[Opening GIVEN DATA section]
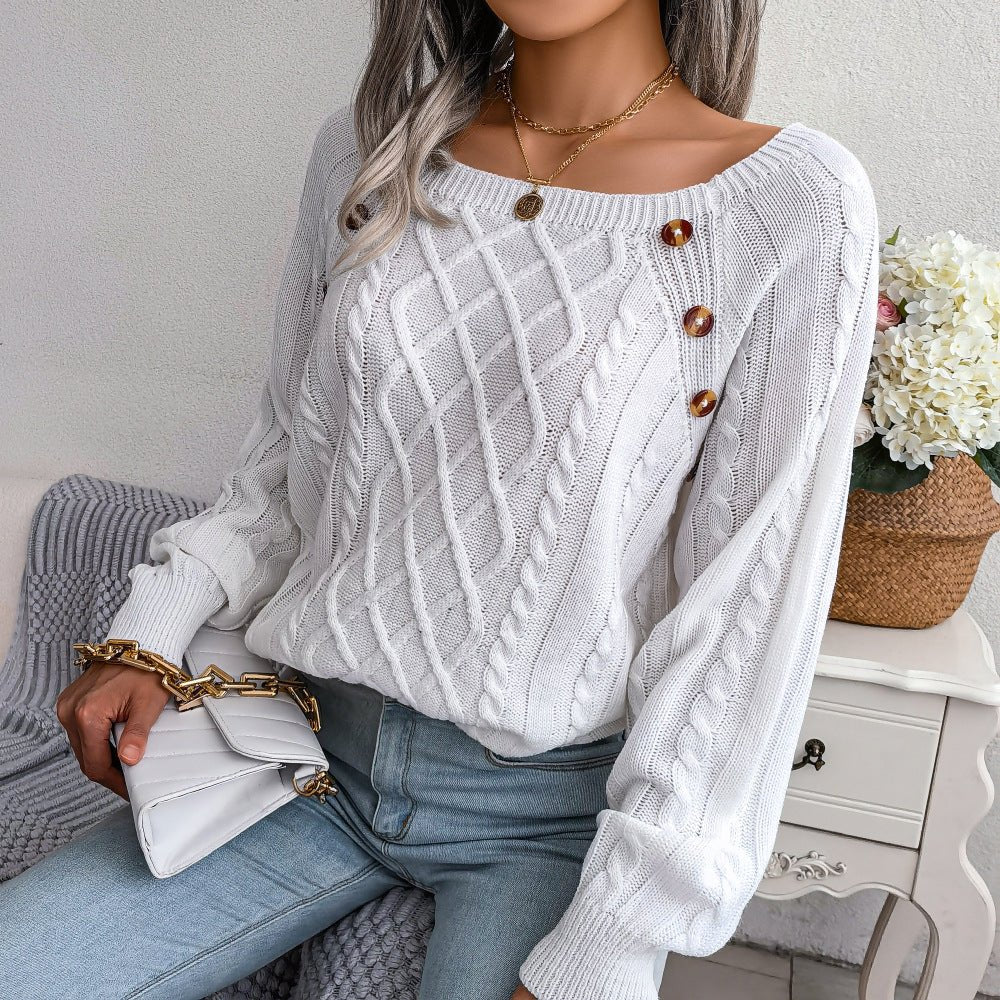 Cozy Square Collar Twist Knit Pullover Sweater for Women    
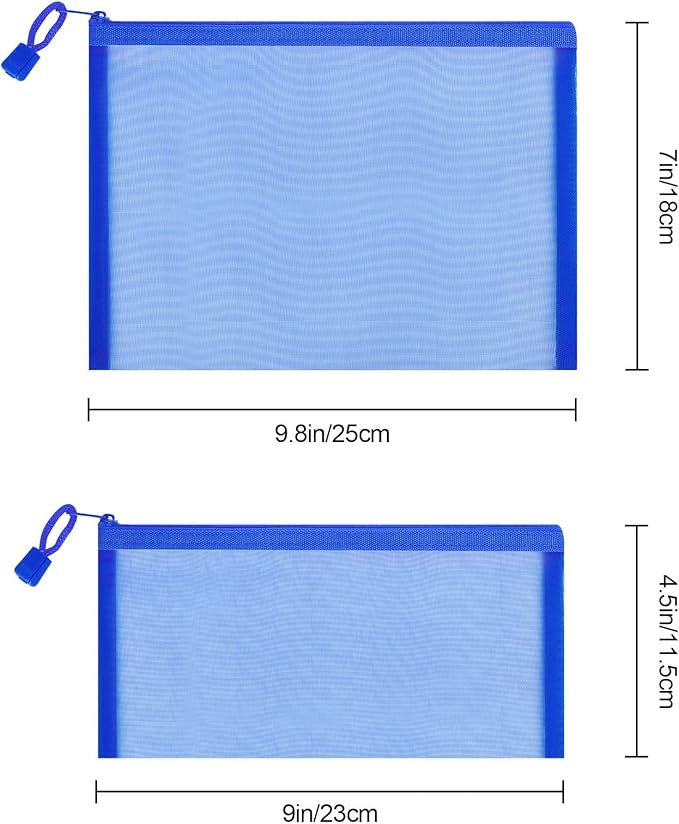Sinzip 12 Pieces Zipper Nylon Mesh Pouch, Mesh Cosmetic Bags Makeup Bags Pencil Case, Multipurpose Travel Bags for Cosmetic School Office Supplies and Travel Accessories (Blue, A5+B6)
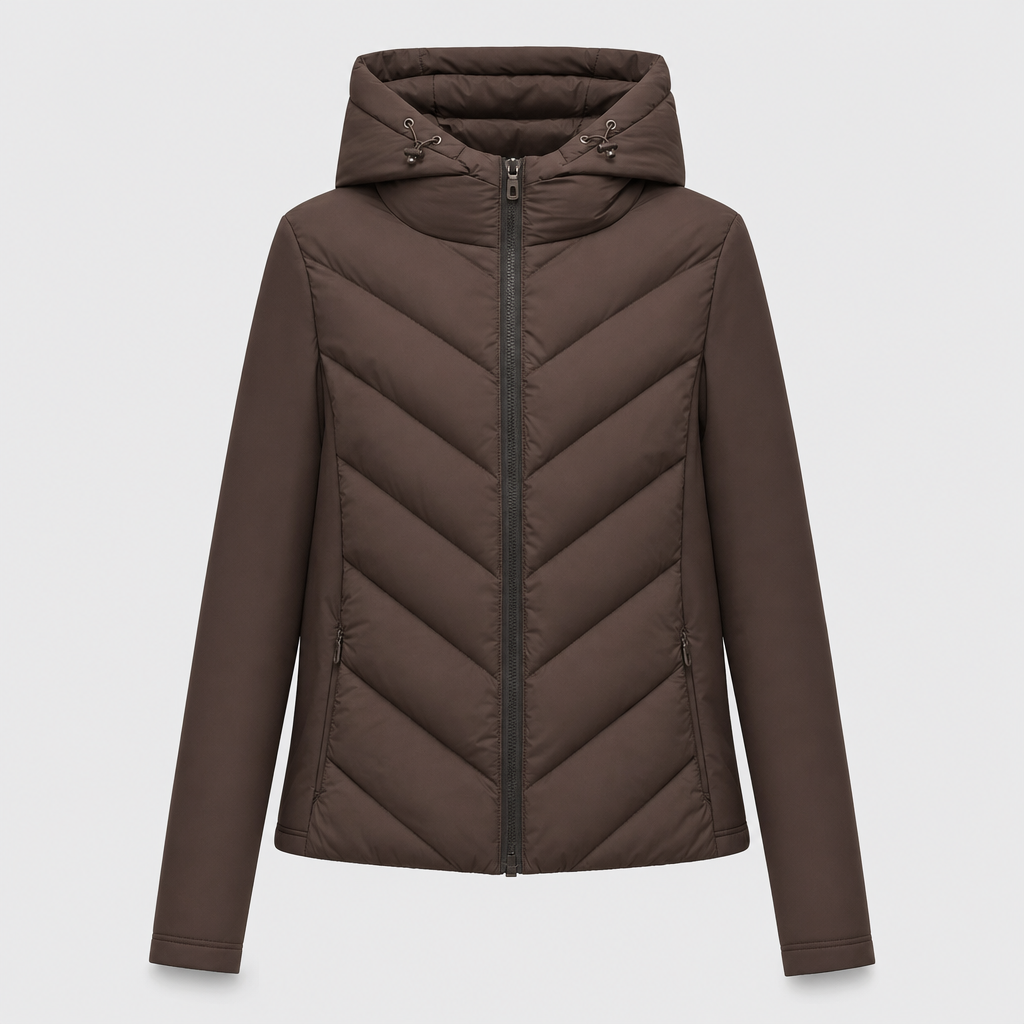 Marchmont Hooded Quilted Jacket in brown, product shot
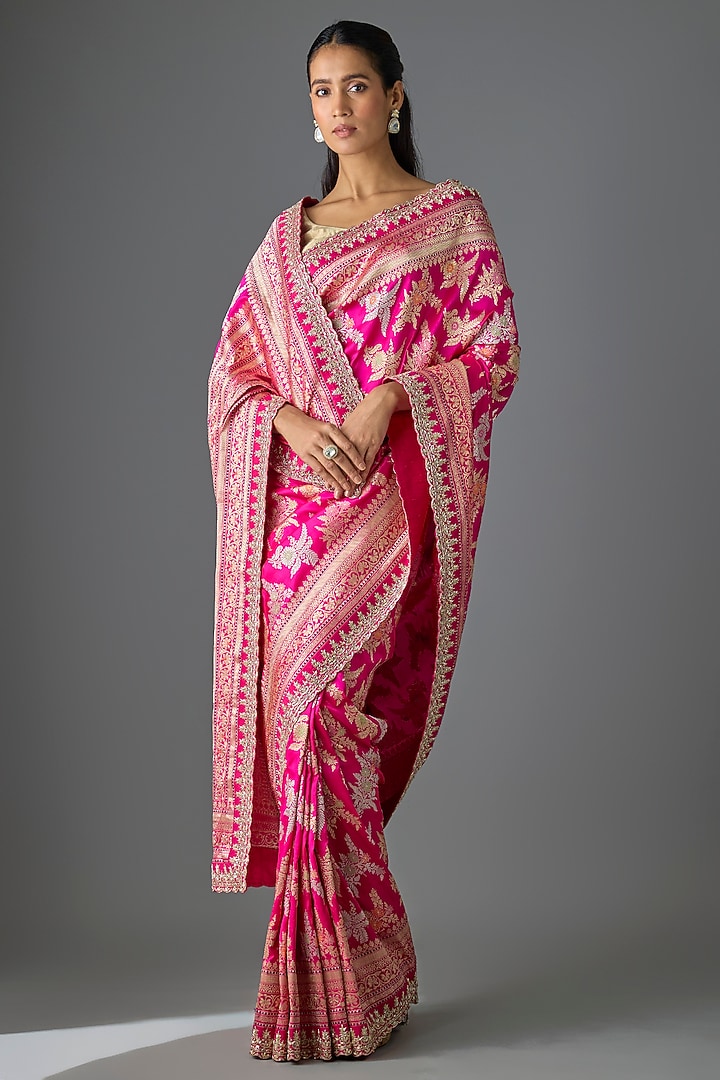 Hot Pink Banarasi Silk Hand Embroidered Bridal Saree Set by Anushree Reddy at Pernia's Pop Up Shop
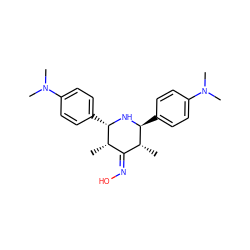 C[C@@H]1C(=NO)[C@H](C)[C@H](c2ccc(N(C)C)cc2)N[C@H]1c1ccc(N(C)C)cc1 ZINC000006576676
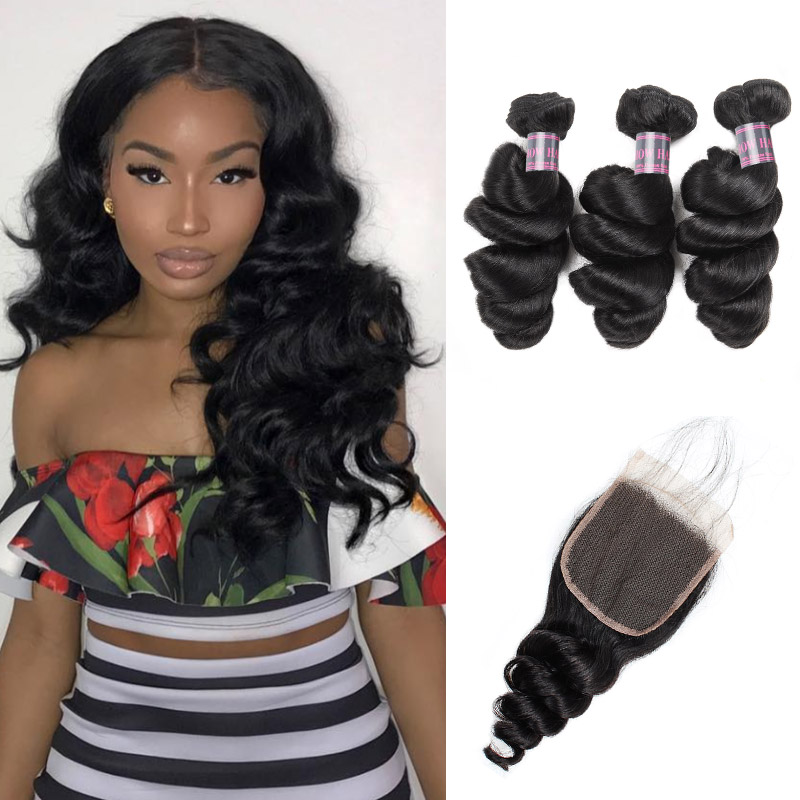 Wholesale Brazilian Hair Bundles With Closure 3pcs Virgin Hair Peruvian Indian Hair Extensions Loose Wave, Natural color
Wholesale Brazilian Hair Bundles With Closure 3pcs Virgin Hair Peruvian Indian Hair Extensions Loose Wave, Natural color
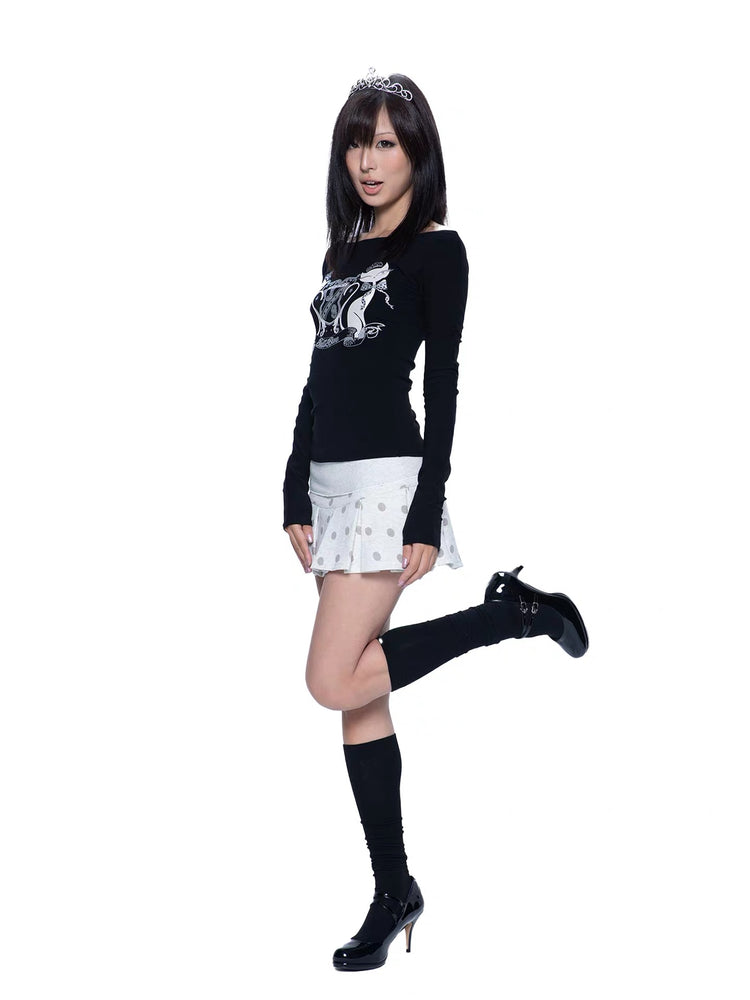 Polka Dot Knit Pleated Mini Skirt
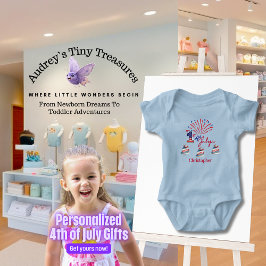 Personlig Min 1:e 4:e juli Baby Bodykostym T Shirt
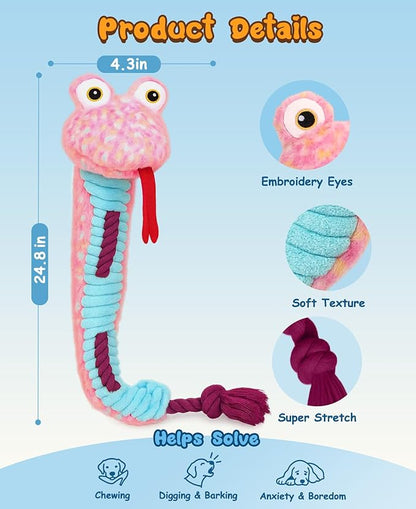 Swooflia Dog Rope Toy - Interactive Cute Snake Squeaky Plush Toys Stuffless, Teeth Cleaning for Small Medium Large and Boredom Dogs, Outdoor Durable Puppy Tug of War Chew Toy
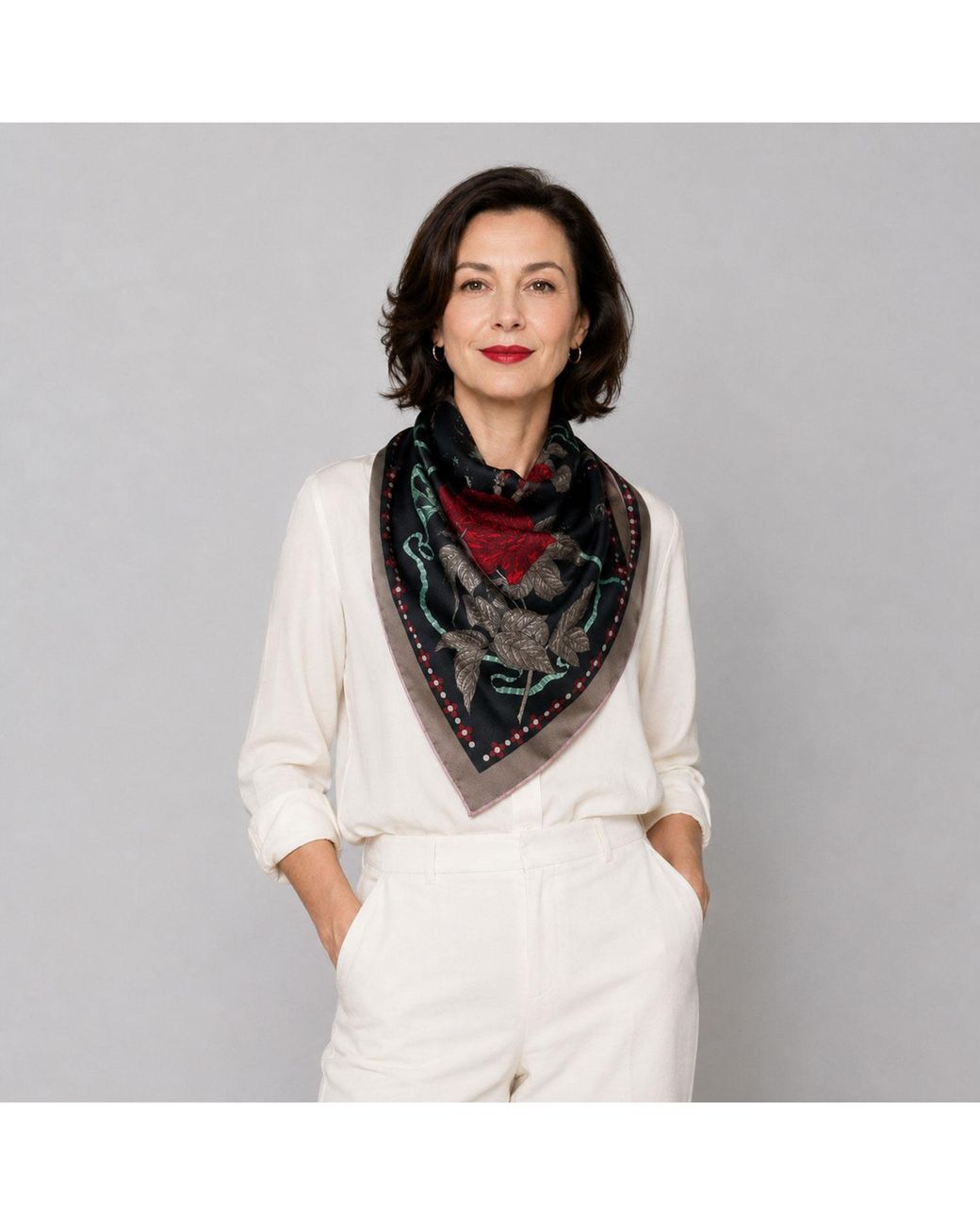 Wenzi Black Midnight Roses Rouge Double Sided Silk Twill Scarf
[Closing GIVEN DATA section]
WORK TASK
Only the lines from the one holding "Personlig Min 1:e" to the last line of the entries above should be printed, exactly as they appear and with no pictures.

RESPONSE AREA
 Personlig Min 1:e 4:e juli Baby Bodykostym T Shirt
 Swooflia Dog Rope Toy - Interactive Cute Snake Squeaky Plush Toys Stuffless, Teeth Cleaning for Small Medium Large and Boredom Dogs, Outdoor Durable Puppy Tug of War Chew Toy
 Wenzi Black Midnight Roses Rouge Double Sided Silk Twill Scarf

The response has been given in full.